Task instructions
A faithful copy of the entries is required, with no images in it.
** Provided entries follows **
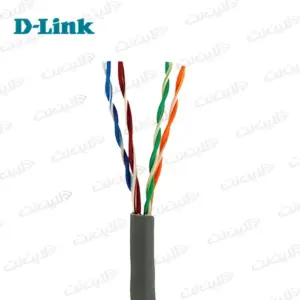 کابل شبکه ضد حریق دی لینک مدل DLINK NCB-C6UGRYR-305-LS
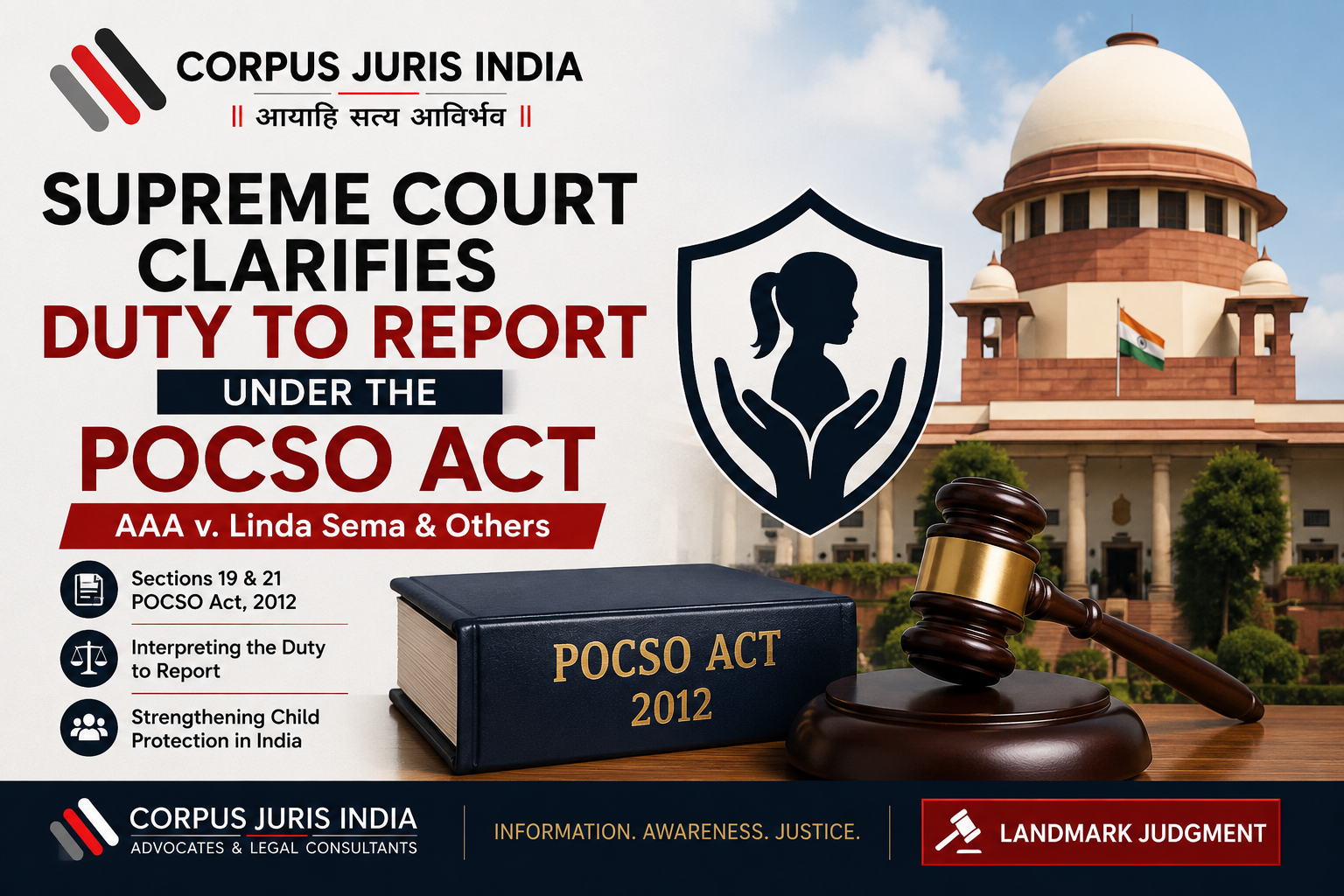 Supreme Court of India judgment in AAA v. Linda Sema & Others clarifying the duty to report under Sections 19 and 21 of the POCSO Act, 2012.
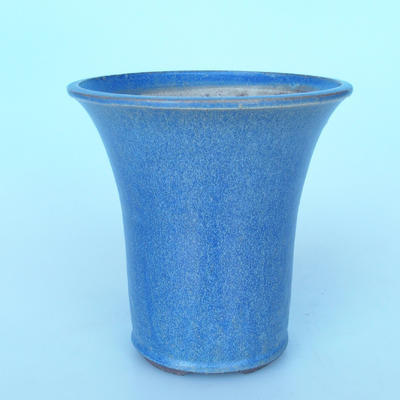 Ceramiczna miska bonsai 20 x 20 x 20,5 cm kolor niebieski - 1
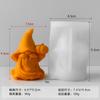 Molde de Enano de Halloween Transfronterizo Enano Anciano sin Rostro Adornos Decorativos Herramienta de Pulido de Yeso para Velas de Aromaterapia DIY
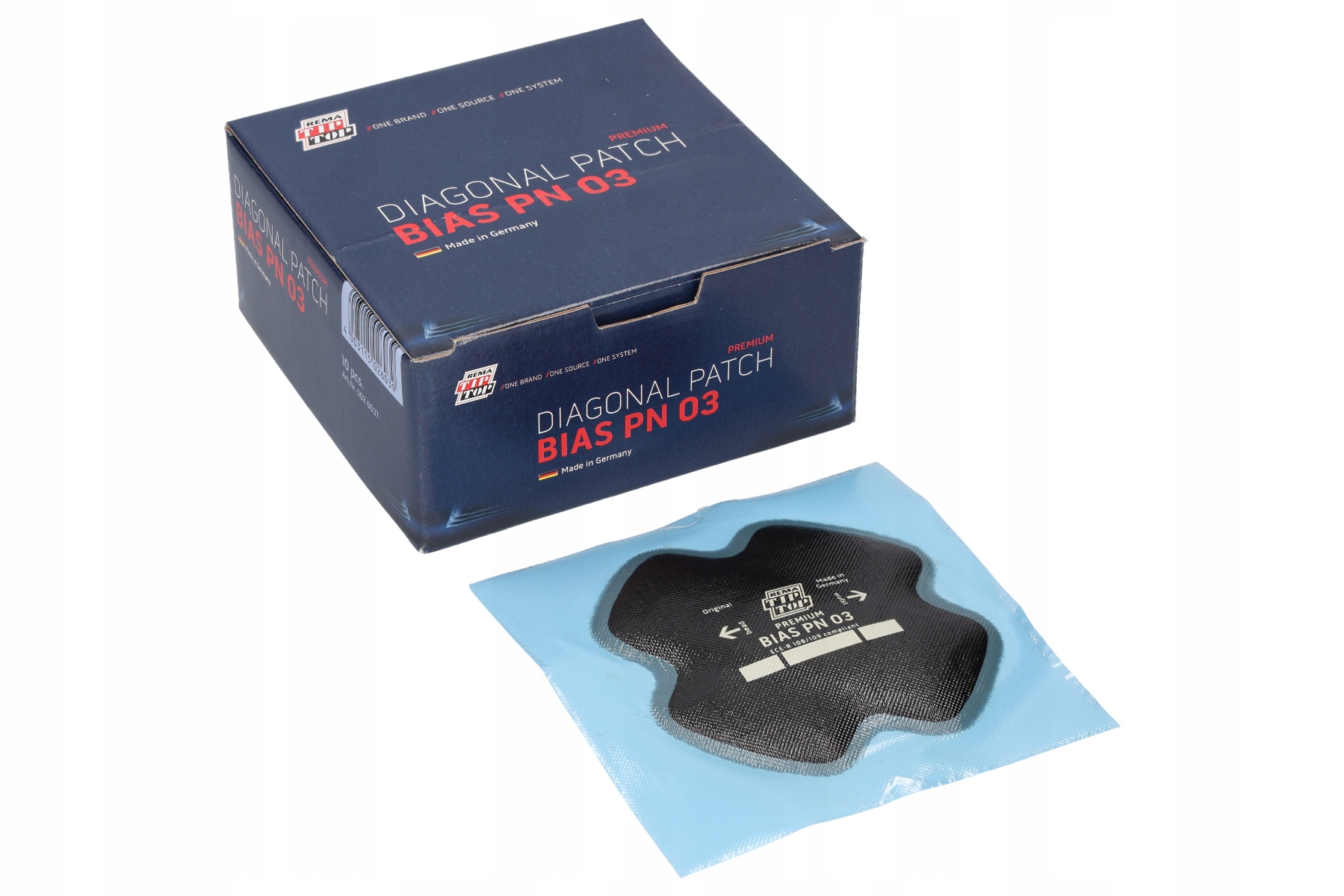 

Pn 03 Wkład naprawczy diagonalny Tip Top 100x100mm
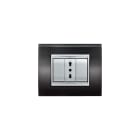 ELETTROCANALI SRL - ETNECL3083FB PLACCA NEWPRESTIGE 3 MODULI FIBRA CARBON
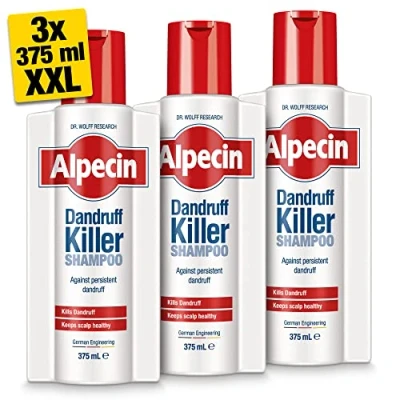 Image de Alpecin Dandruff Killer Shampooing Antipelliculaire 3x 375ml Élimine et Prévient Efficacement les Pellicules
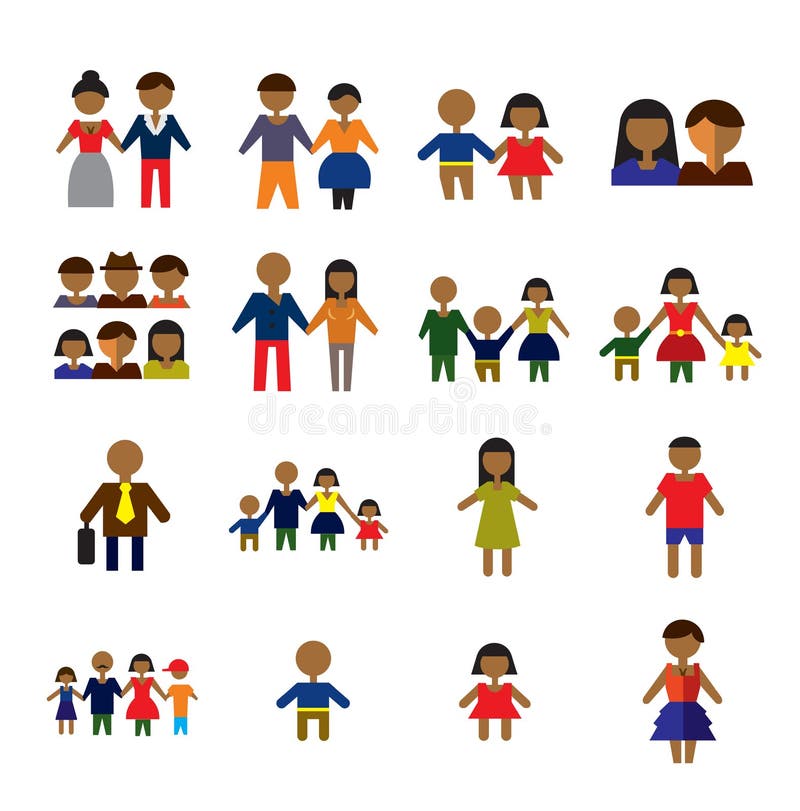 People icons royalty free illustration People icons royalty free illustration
** End of Provided entries **
Written response
 کابل شبکه ضد حریق دی لینک مدل DLINK NCB-C6UGRYR-305-LS
 Supreme Court of India judgment in AAA v. Linda Sema & Others clarifying the duty to report under Sections 19 and 21 of the POCSO Act, 2012.
 Ceramiczna miska bonsai 20 x 20 x 20,5 cm kolor niebieski - 1
 Molde de Enano de Halloween Transfronterizo Enano Anciano sin Rostro Adornos Decorativos Herramienta de Pulido de Yeso para Velas de Aromaterapia DIY

Pn 03 Wkład naprawczy diagonalny Tip Top 100x100mm
 ELETTROCANALI SRL - ETNECL3083FB PLACCA NEWPRESTIGE 3 MODULI FIBRA CARBON
 Image de Alpecin Dandruff Killer Shampooing Antipelliculaire 3x 375ml Élimine et Prévient Efficacement les Pellicules
 People icons royalty free illustration People icons royalty free illustration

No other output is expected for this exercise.